Figure 5. ART-27 loss facilitates resistance to the AR-antagonist bicalutamide

(A) ART-27 depletion inhibits gene repression by bicalutamide. Q-PCR analysis showing relative mRNA levels of the indicated genes in LNCaP cells transfected with control siRNA (siControl) or ART-27 siRNA (siART-27) and steroid-deprived in the presence of ethanol vehicle (Veh) or 0.1 μM bicalutamide (BIC) for 72 h. The mRNA levels were normalized to ethanol-treated samples, which were arbitrarily set to 1. (B) Bicalutamide-resistant cell proliferation in ART-27-depleted cells. LNCaP cells transfected in duplicate with control or ART-27 siRNA (siART-27) were steroid-deprived in the presence of ethanol vehicle or 0.1 μM BIC for 72 h. Cell proliferation rates were then estimated by [³H]-thymidine incorporation assay and shown as average counts per minute (CPM). Errors bars indicate standard errors from the mean (*p = 0.006).

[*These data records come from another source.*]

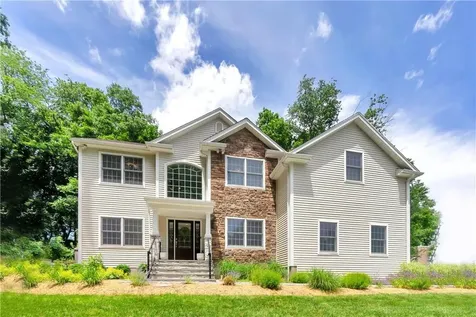 9 Edwyn Court Tappan NY 10983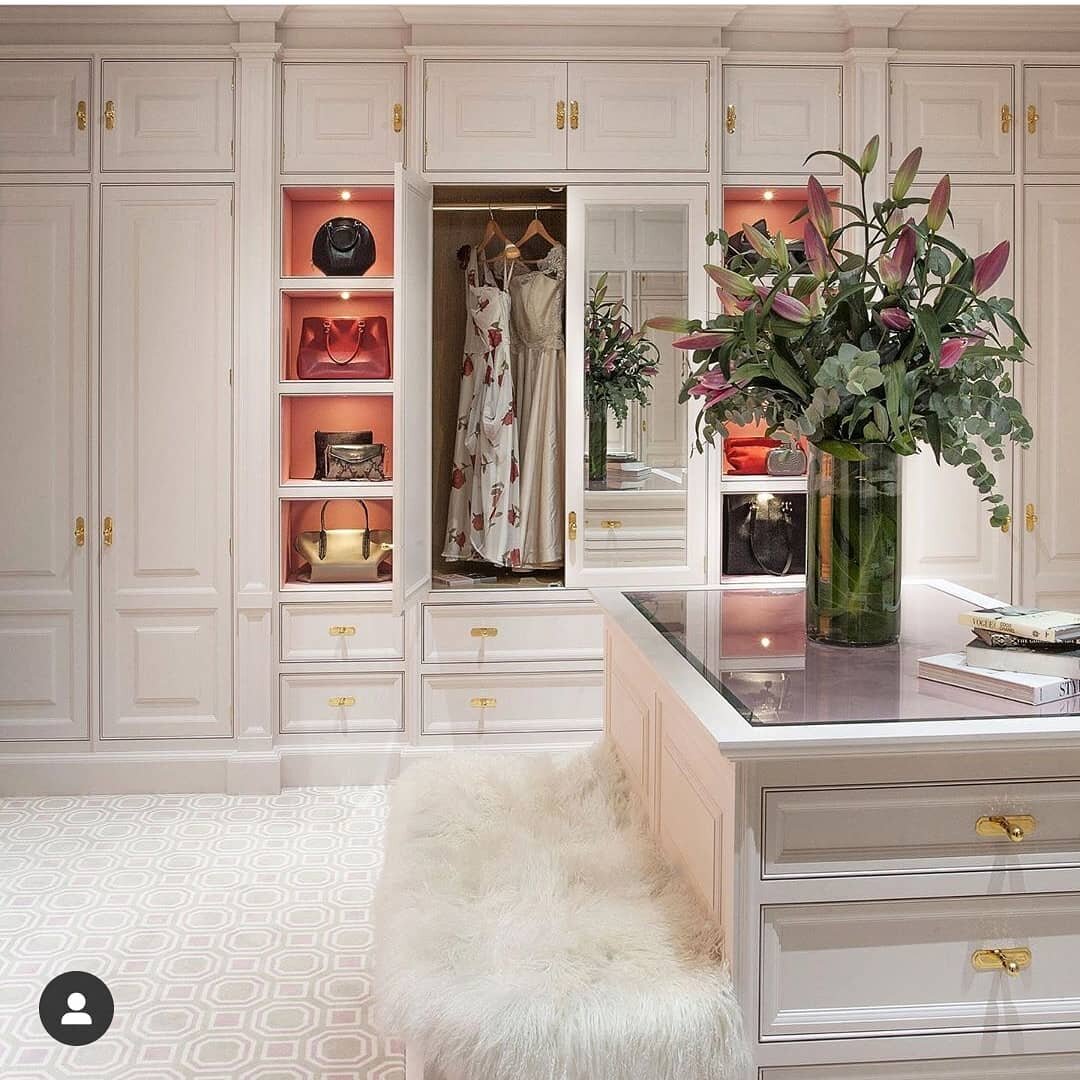 Now this is what I call a dream closet! Loving the simplicity, with just a pop of color. 
#closetdesign #walkincloset #closetgoals #christopherpeacockcabinetry  #denverinteriordesign #denverdesigner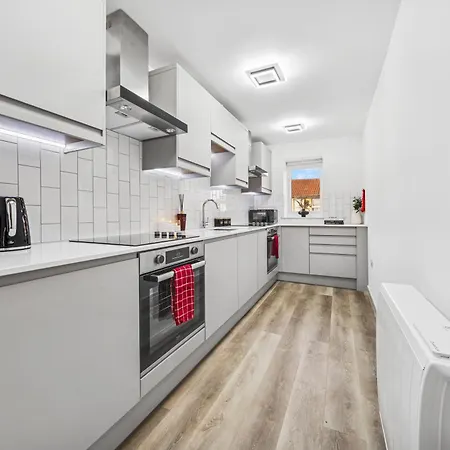 דירה Modern & Cozy 6 Bedroom Whole House In By Altoluxo Short Lets & Serviced With Free Wifi And Parking *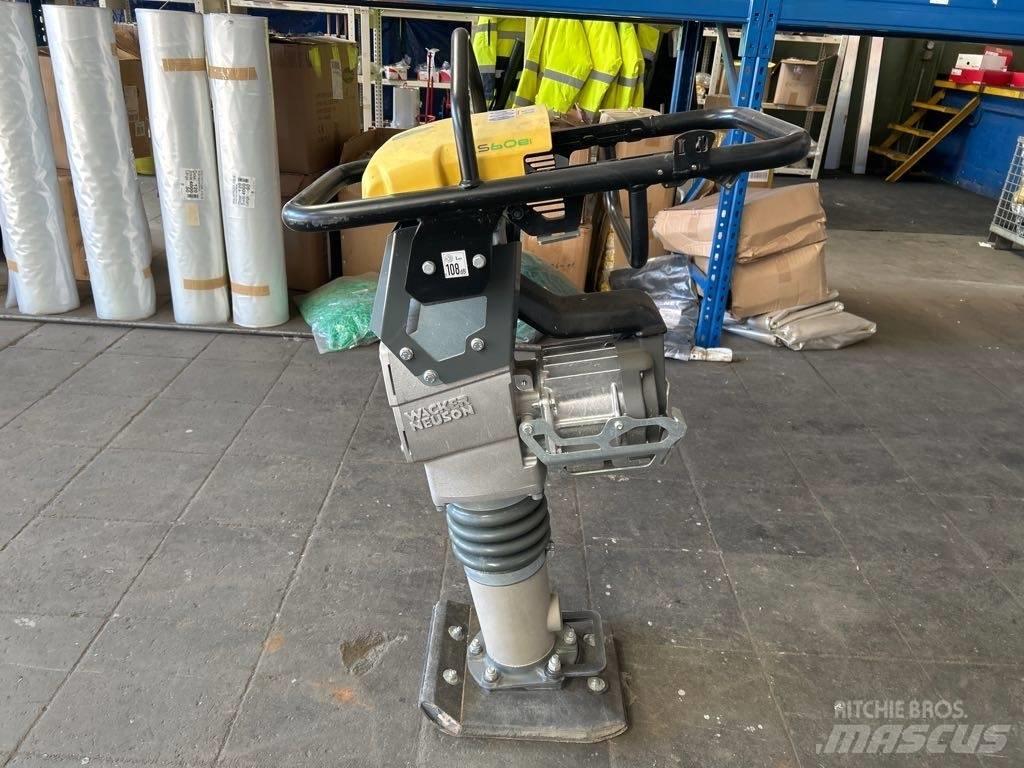 Wacker Neuson AS60e Plūktuvai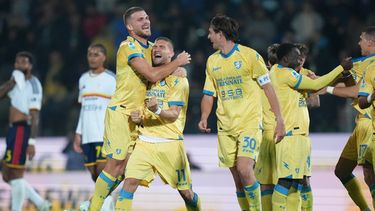 Daniel Birligea del Frosinone celebra tras anotar en el encuentro ante el Lecce en la Serie A de Italia el jueves 29 de octubre del 2026. (Alfredo Falcone/LaPresse via AP)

Figure 6. ART-27 expression and clinical outcome in AR-positive Prostate cancer

(A) ART-27 exhibits differential sub-cellular expression profiles in AR-positive prostate cancer. Prostate cancer tissue microarray containing 58 AR-positive cases (9 high-grade prostatic intraepithelial neoplasia (PIN); 25 non-recurrent (NR) i.e. did not relapse after radical prostatectomy; and 24 recurrent (REC) i.e. relapsed after radical prostatectomy) were stained by immunohistochemistry using anti-AR (top row) and anti-ART-27 (bottom row) antibodies. Representative samples from each group are shown in columns. Red arrows indicate cells showing nuclear ART-27 expression. Black arrows indicate cells showing largely cytoplasmic or peri-nuclear ART-27 expression. Magnification: 40× (B) Summary of prostate cancer tissue microarray analysis. Nuclear ART-27 expression status is shown as a percentage of the total number of cases in each group. The p-values for the indicated comparisons are also indicated (*p = 0.058; **p = 0.054). (C) Average PSA-doubling times of nuclear ART-27-positive and -negative REC cases (*p = 0.035).